In light of the abuse allegations leveled against Woody Allen by his daughter Dylan Farrow in the New York Times, the Hollywood press immediately began showing sympathy for the those who have the most to lose in this awful situation: Cate Blanchett and Blue Jasmine's Oscar chances.

The Hollywood Reporter's Scott Feinberg addressed the importance of the abuse allegations in his article "Dylan Farrow's Op-Ed Targets Woody Allen But Could Hurt Cate Blanchett More":

Is Cate Blanchett's best actress Oscar for her performance in Woody Allen's Blue Jasmine as assured as most people believe? Probably — but being called out on the New York Times' website for associating with an alleged child molester certainly won't help her cause.

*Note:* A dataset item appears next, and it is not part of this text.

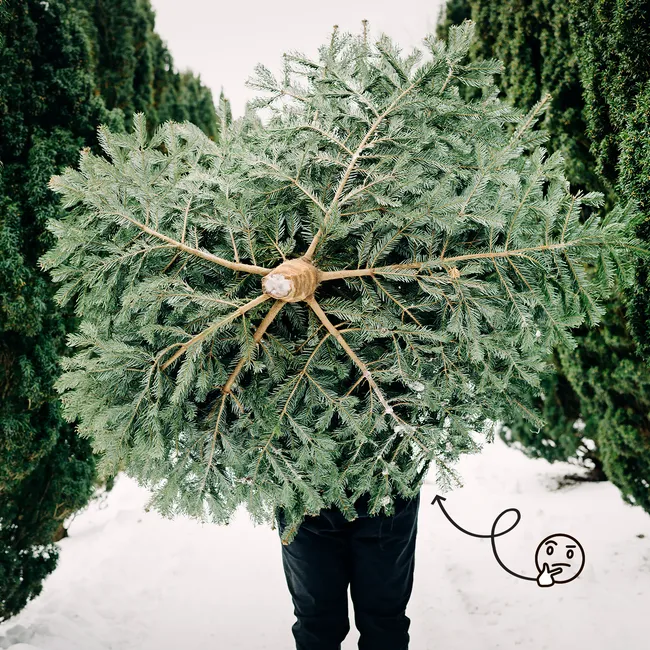 Где ставить и как украшать елку, чтобы привлечь удачу и счастье: ответ эксперта Васту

No, those allegations generally don't help many causes. But, if you're Feinberg, the most important cause at hand is Cate Blanchett. And asking questions like, why would a young woman ever want to admit alleged abuse unless she wanted to ruin a movie starring Cate Blanchett?

The question of the minds of many is why Farrow, who has heretofore maintained a low public profile, would choose to publicly discuss her history with Allen now? The timing and focus of her piece certainly suggest, to me, that she would like to derail any chance that Allen or those associated with him on his latest film, Blue Jasmine, have of receiving additional awards recognition at the Oscars on March 2.

These questions, of course, completely gloss over the fact the allegations were first made public in 1993 and again last year in a Vanity Fair profile and are in no way new or now. Or that if ruining Oscars was her thing, Farrow could have a field day with 2011's Midnight in Paris. But those facts don't matter because what about Blanchett? We can't forget about Blanchett.

Only Farrow herself can say what her objective was in writing this piece when and how she did. But, whether intended or not, the byproduct of her actions may well be that some Academy members will think twice before supporting Allen or those who have chosen to associate with him on Blue Jasmine when they fill out their Oscar ballots. And while that won't matter much for Allen and Hawkins' prospects — they were both considered to be long shots well before this brouhaha — it could, conceivably, make the road to victory for Blanchett, who is a heavy favorite — having already won best actress Critics' Choice, Golden Globe and SAG, New York Film Critics Circle, Los Angeles Film Critics Association and National Society of Film Critics awards — a little bumpier.

Only in Hollywood—the land where everyone hates priests but loves Michael Jackson and Roman Polanski—are conversations about alleged sexual abuse characterized as bumpy "brouhahas." The Wrap's Steve Pond at least had the decency to admit that asking questions about Blanchett's chances is an "uncomfortable" act.

On Saturday night, Blanchett herself responded to questions about Farrow's statement, and managed to do so without mentioning awards season, presumably because she has a functional brain. "I mean, it's obviously been a long and painful situation for the family, and I hope they find some sort of resolution and peace," she said.

Alec Baldwin, who was also called out in Farrow's statement for his association with Allen, took to Twitter on Sunday with his own compelling stance on the controversy: "What the f&@% is wrong w u that u think we all need to b commenting on this family's personal struggle?" he tweeted. "So you know who's guilty? Who's lying? You, personally, know that?" he continued, adding: "You are mistaken if you think there is a place for me, or any outsider, in this family's issue." He later deleted his responses.

No one knows where the truth lies in this situation, but the knee-jerk responses to defend Allen, call out "liars," and worry about how allegations—allegations for which he cannot be charged—will impact a stupid award is ridiculous. Those in Hollywood who are framing the situation as a premeditated awards-season attack on Allen shows just how far the industry will go to avoid uncomfortable conversations and defend their gods.